Pictures excluded, output the lines of the data below between the one holding "135 CARROLL STREET, Clermont, FL 34711" and the one holding "Location Pajero V6", inclusive, exactly as they stand.

Content starts

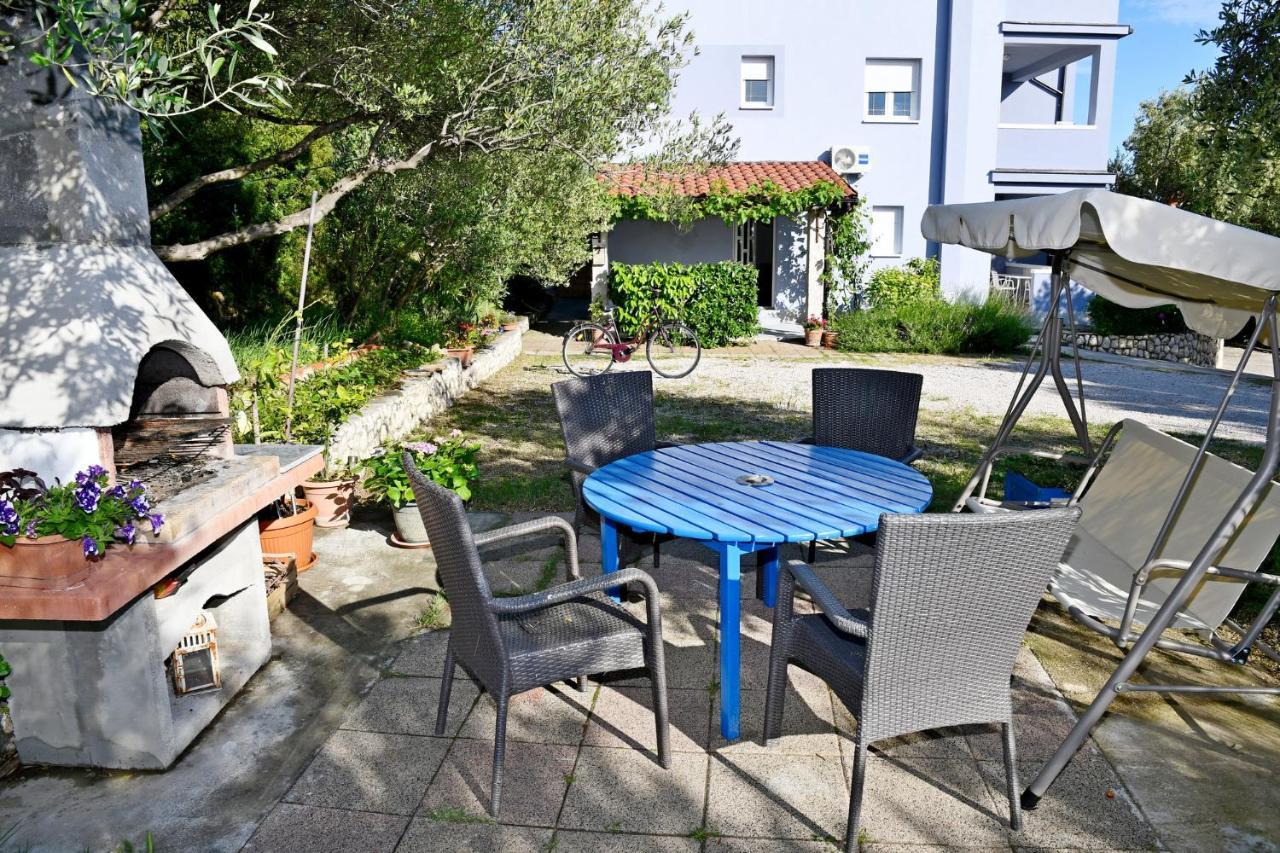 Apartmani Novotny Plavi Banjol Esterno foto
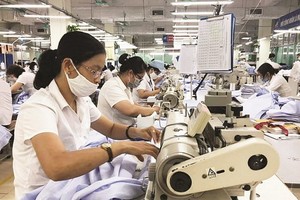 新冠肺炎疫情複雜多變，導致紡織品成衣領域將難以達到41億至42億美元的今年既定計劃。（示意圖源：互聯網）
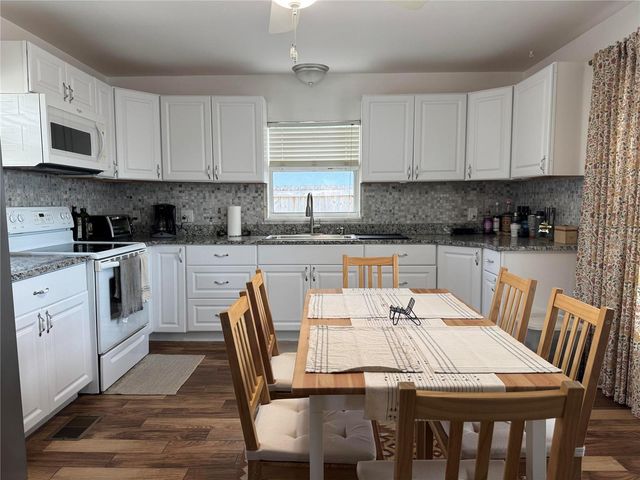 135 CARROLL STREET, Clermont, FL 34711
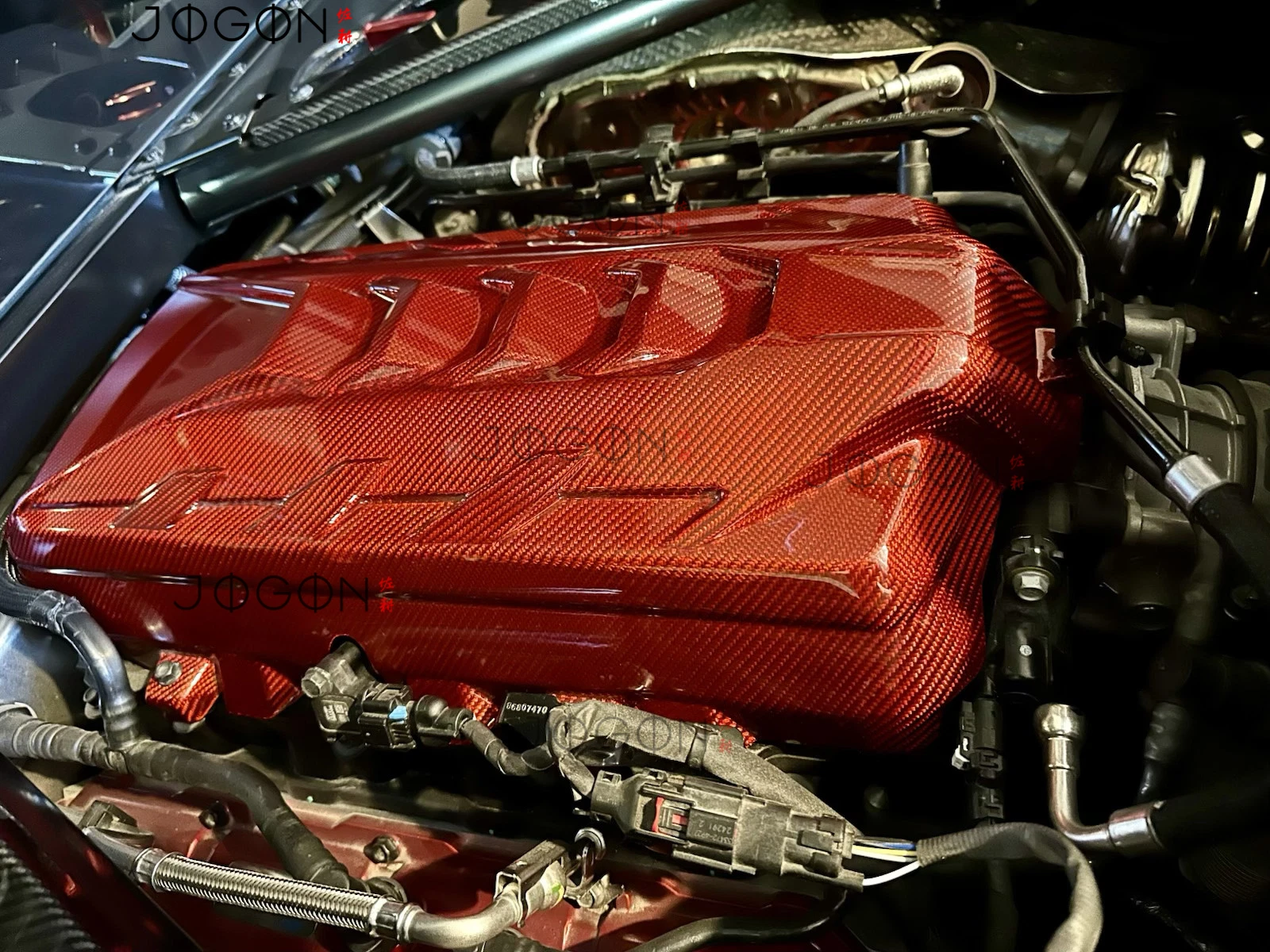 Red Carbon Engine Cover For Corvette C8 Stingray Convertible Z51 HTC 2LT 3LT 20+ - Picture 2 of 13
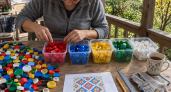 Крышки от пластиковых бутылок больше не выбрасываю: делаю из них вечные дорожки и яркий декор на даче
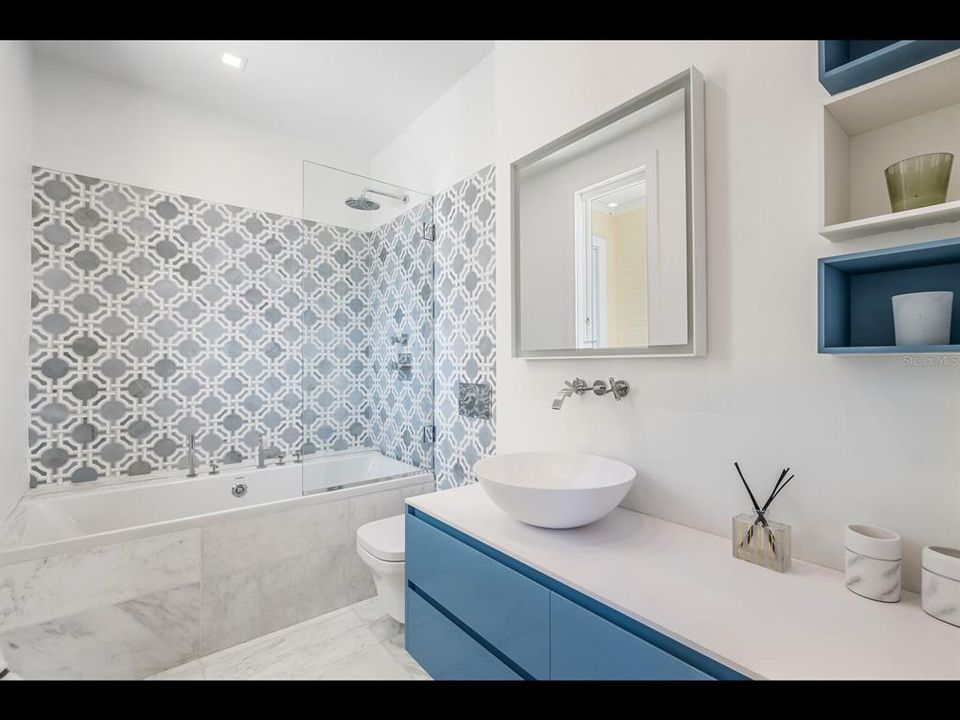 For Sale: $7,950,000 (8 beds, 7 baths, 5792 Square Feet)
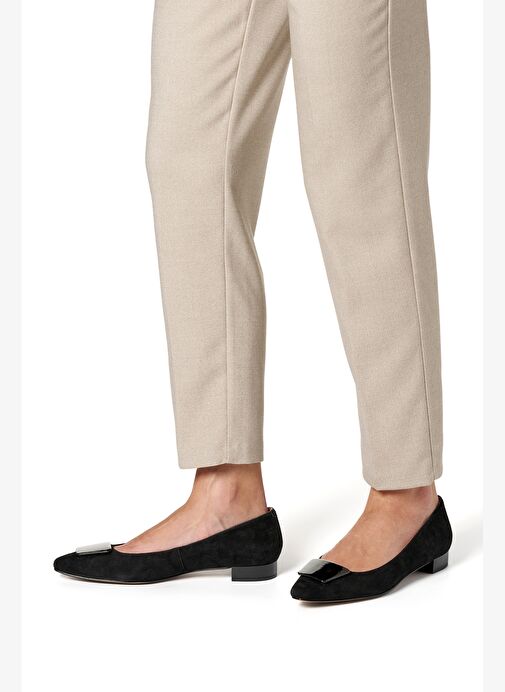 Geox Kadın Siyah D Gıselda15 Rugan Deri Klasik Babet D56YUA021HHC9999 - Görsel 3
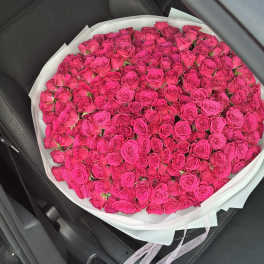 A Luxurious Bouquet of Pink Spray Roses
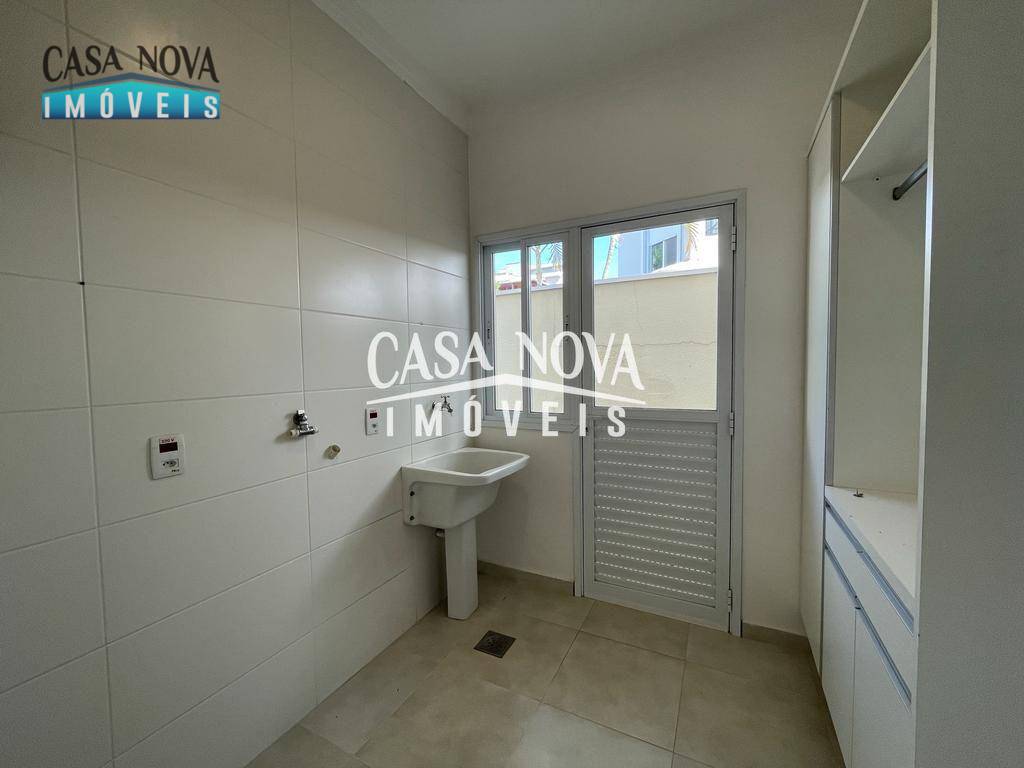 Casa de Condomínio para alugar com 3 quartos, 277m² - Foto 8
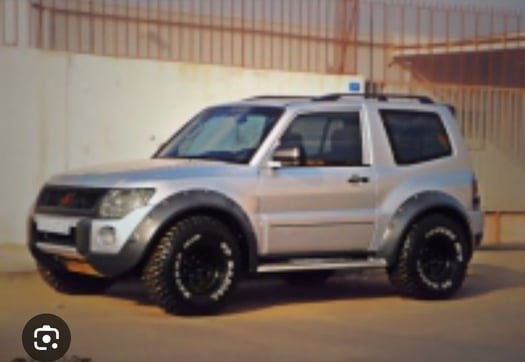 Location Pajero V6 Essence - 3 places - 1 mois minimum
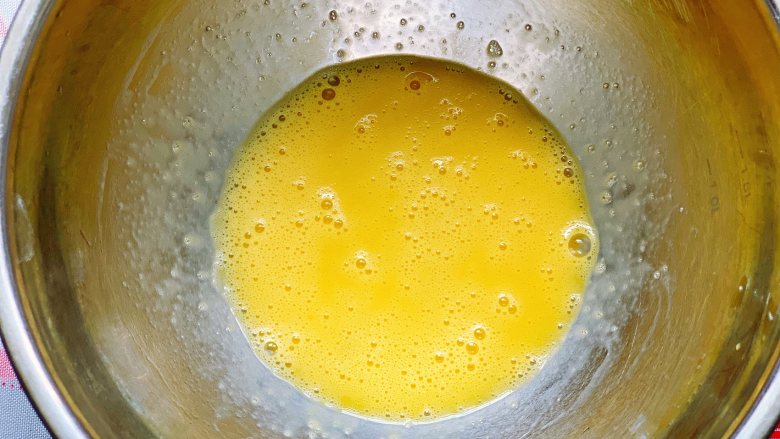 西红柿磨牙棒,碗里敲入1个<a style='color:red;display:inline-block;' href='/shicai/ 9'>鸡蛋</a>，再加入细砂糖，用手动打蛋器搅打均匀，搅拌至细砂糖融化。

Content ends

> WRITTEN RESPONSE:
 135 CARROLL STREET, Clermont, FL 34711
 Red Carbon Engine Cover For Corvette C8 Stingray Convertible Z51 HTC 2LT 3LT 20+ - Picture 2 of 13
 Крышки от пластиковых бутылок больше не выбрасываю: делаю из них вечные дорожки и яркий декор на даче
 For Sale: $7,950,000 (8 beds, 7 baths, 5792 Square Feet)
 Geox Kadın Siyah D Gıselda15 Rugan Deri Klasik Babet D56YUA021HHC9999 - Görsel 3
 A Luxurious Bouquet of Pink Spray Roses
 Casa de Condomínio para alugar com 3 quartos, 277m² - Foto 8
 Location Pajero V6 Essence - 3 places - 1 mois minimum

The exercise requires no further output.